Austin Frakt is a health economist at Boston University. He blogs at The Incidental Economist.
Earlier this week the Obama Administration released a report that described savings to the Medicare program that are predicted to follow from changes mandated by the Affordable Care Act. If those savings–$575 billion over the next decade–actually come to pass, they will represent the beginning of what one prominent researcher thinks is the inevitable bending of the health care cost curve.
In a recent article in Health Affairs, Harvard health economist Joe Newhouse arrived at that sense of inevitability by process of elimination.
[I]t is hard to imagine that reductions in the rate of Medicare spending growth will not be made at some point. One way or another, the steady-state growth rate will fall; the curve will be bent. But it is equally hard to imagine cutting only Medicare spending while spending by the commercially insured under age sixty-five continues to grow at historic rates, which would lead to a marked divergence between what providers are paid for treating the commercially insured relative to what they are paid for Medicare beneficiaries. This gap could jeopardize Medicare beneficiaries’ access to mainstream medical care.
To take Newhouse’s sense of curve bending certitude seriously is not to assume he’s right or wrong, but to examine the possibilities. If Medicare costs keep escalating 2.5 percentage points above GDP, as they have been in recent decades, the program will double in size relative to GDP in 20 years (from 5% to 10%). How will that additional spending be financed? Consider the options:
Take on more public debt to finance Medicare? In the current and foreseeable political climate, that seems an unlikely choice, if not a fiscally irresponsible one. Debt-financed Medicare can’t be a long-term solution.

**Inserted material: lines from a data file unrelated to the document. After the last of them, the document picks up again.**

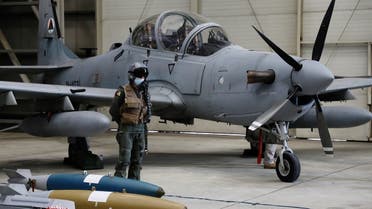 An Afghan pilot stands next to A-29 Super Tucano plane during a handover ceremony of A-29 Super Tucano planes from U.S. to the Afghan forces, in Kabul, Afghanistan, on September 17, 2020. (Reuters)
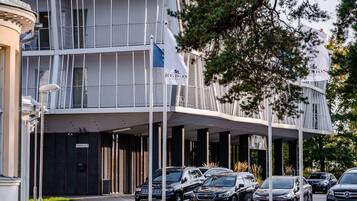 A modern hotel with a covered entrance, multiple cars parked in front, and a flag indicating European location.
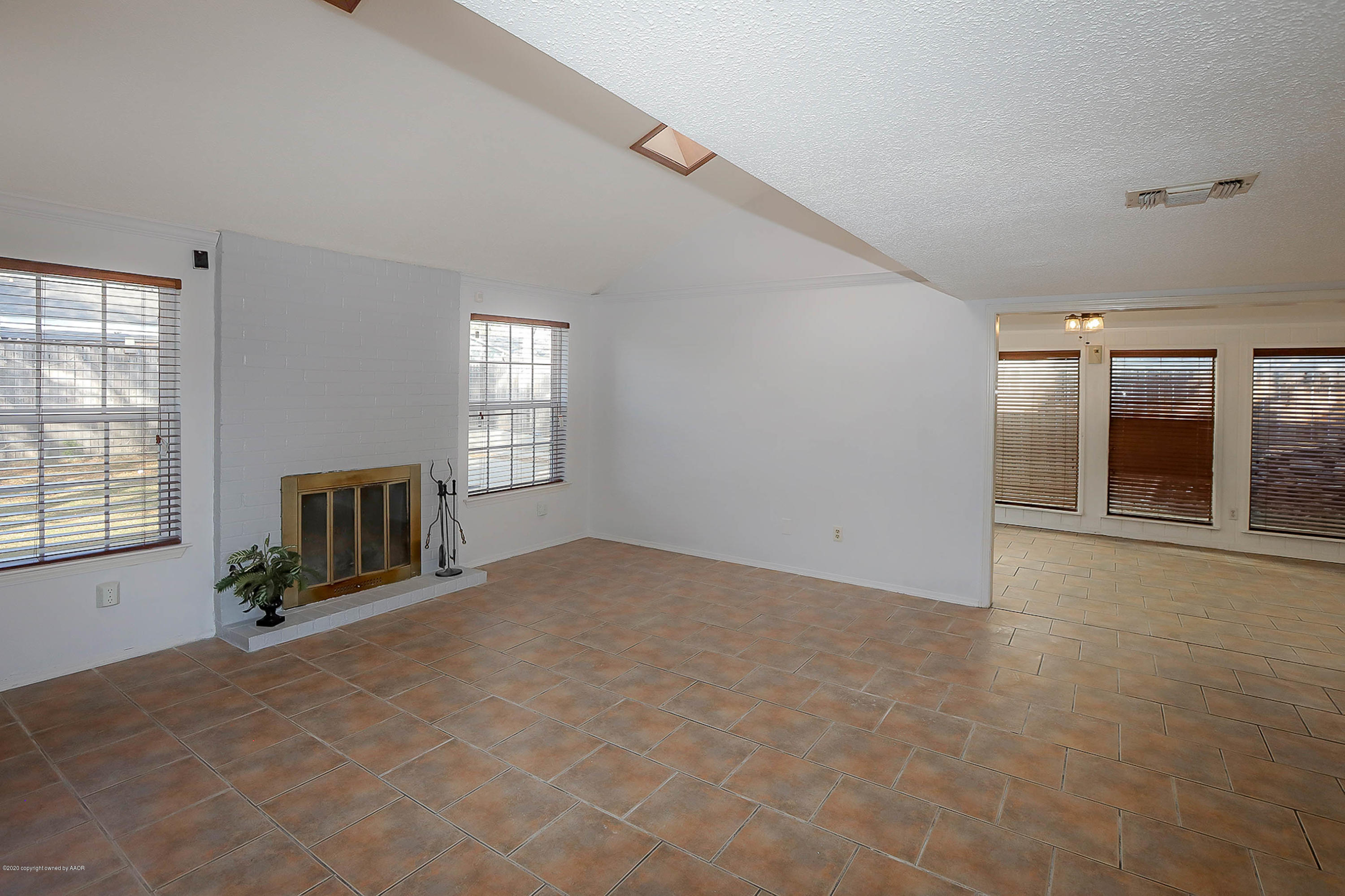 2802 Shield Court Amarillo, TX 79110 - Photo 8 of 32 an empty room with windows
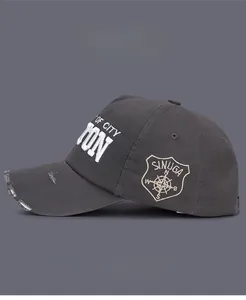 Close-up of distressed charcoal grey baseball cap with 3D embroidery and compass patch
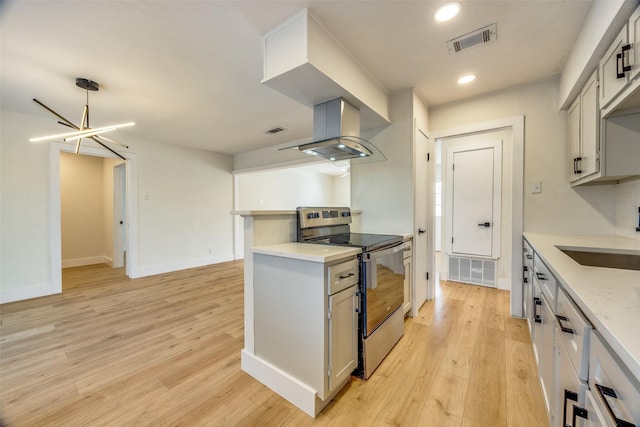 kitchen with stainless steel electric stove, island exhaust hood, an inviting chandelier, light hardwood / wood-style floors, and sink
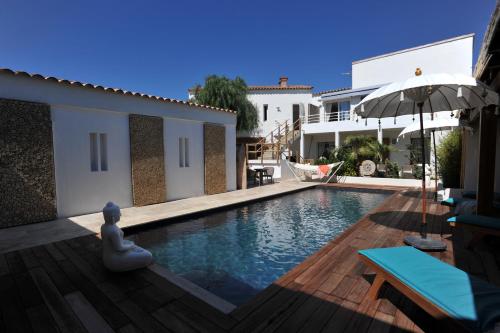 Una piscina con una sombrilla al lado de una casa. en clemente en aparté nord, en Lecci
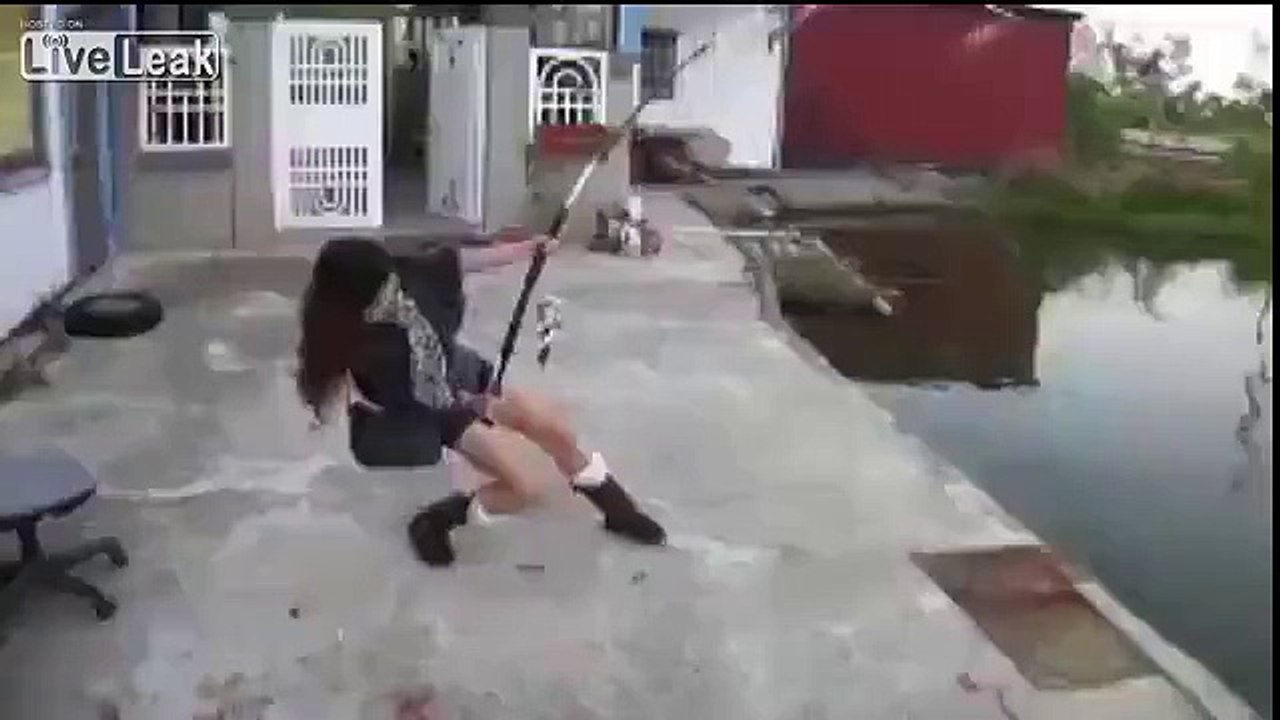 Asian Girl Catches a Huge Fish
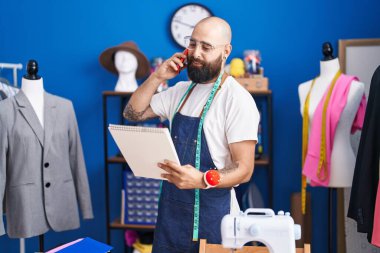 Young bald man tailor talking on smartphone looking clothing design at clothing factory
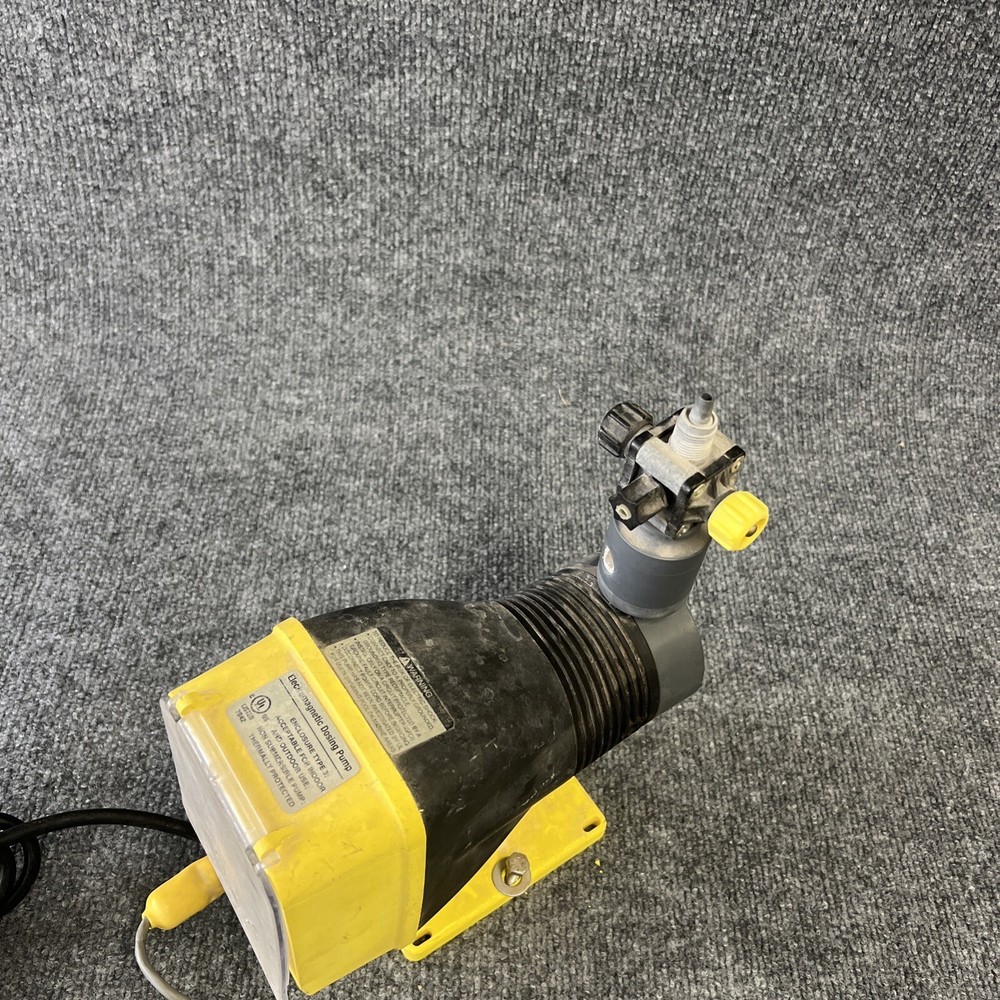 LMI Milton Roy AA751 120Vac Metering Pump W/Attached Programmable Divider Used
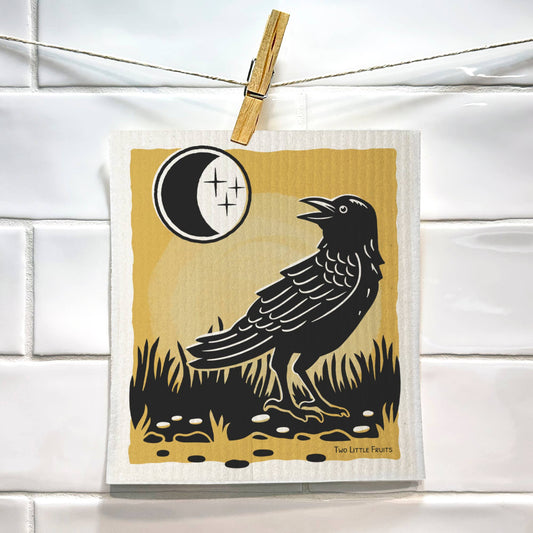 Swedish dish cloth with a black crow design hanging on a line.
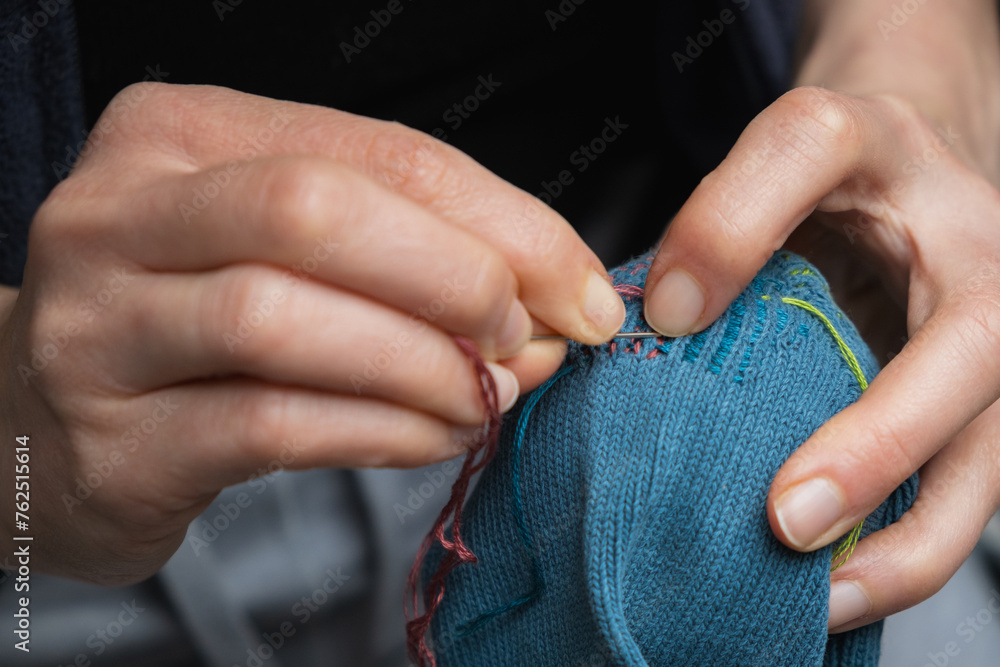 Mending clothes. Visible mending repairing sock. Darning old socks, reducing waste, slow fashion. Repair concept, selective focus. - obrazy, fototapety, plakaty 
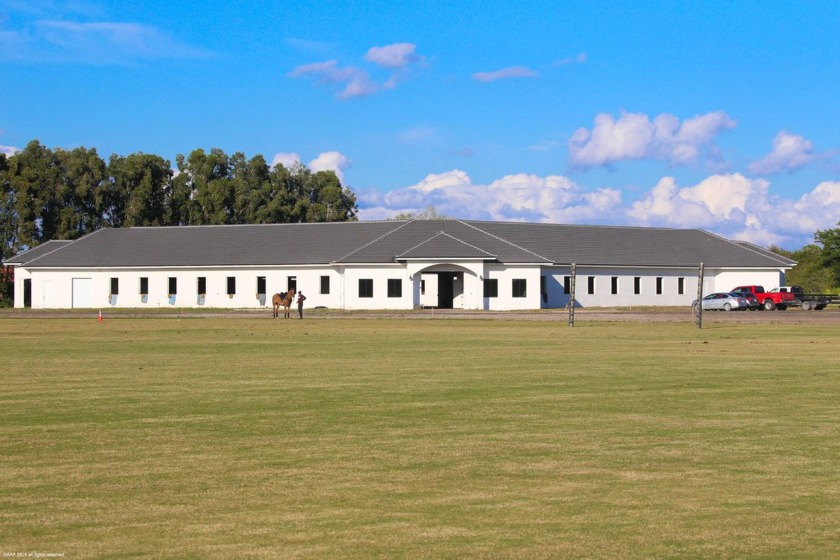 Newly constructed 52 stall show barn with huge grass riding - Beach Home for sale in Wellington, Florida on Beachhouse.com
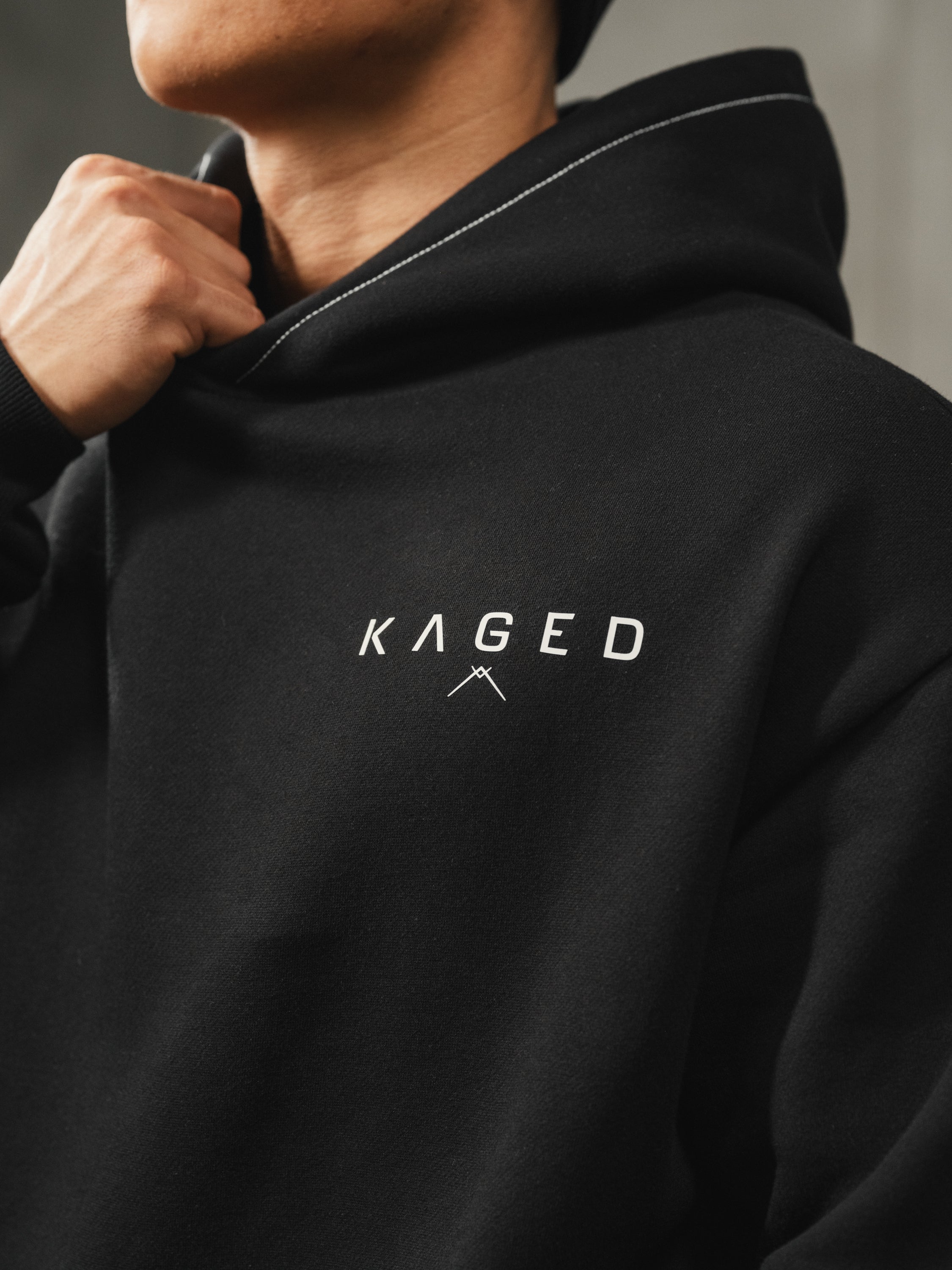 Close-up of Ascent hoodie on model showing white KAGED chest logo, contrast stitching on hood, black color and relaxed athletic fit
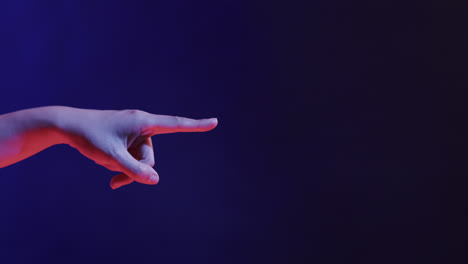 hand of asian woman, touching virtual screen on blue background, copy space, slow motion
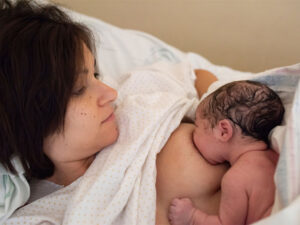 Young mom feeding her newborn to illustrate breastfeeding benefits immediately after birth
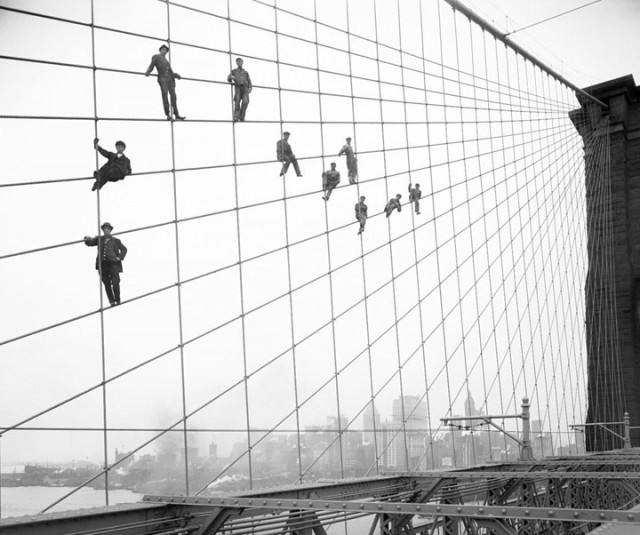 Photo ancienne en noir et blanc de plusieurs ouvriers debout à plusieurs mettre de hauteur sur les cables qui relient les colonnes du pont de Brooklyn au sol.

Raise taxes? Newhouse calculates that income tax rates will have to increase by 160% by 2050 to cover Medicare costs. Can you imagine any politician suggesting, let alone voting for, increasing the marginal rate for those in the 25% income tax bracket to 66%? Me neither. Not going to happen. (By the way, federal tax revenue has stayed within a fairy steady band of about 15-20% of GDP for sixty years. That suggests a small appetite for radical increases in taxation.)
What about decreasing spending on other government services? Newhouse provides the following figure illustrating this idea (click to enlarge). If health spending increases at just 2 percentage points above GDP (which is low by historical standards), government spending on non-health goods and services must plummet (yellow line). If such a reduction in government non-health spending seems unlikely too, then by process of elimination the health care cost curve must bend. After rejecting increased debt, taxation, or reductions in non-health spending it’s the only option left.
It’s worth noting one wrinkle revealed by this figure. Real government spending on non-health functions need not decrease until after 2050. So, one could imagine sustaining four more decades of high health care cost growth. Given population growth, there would have to be great strides in productivity and efficiency in non-health sectors to pull this off. Wanna count on that?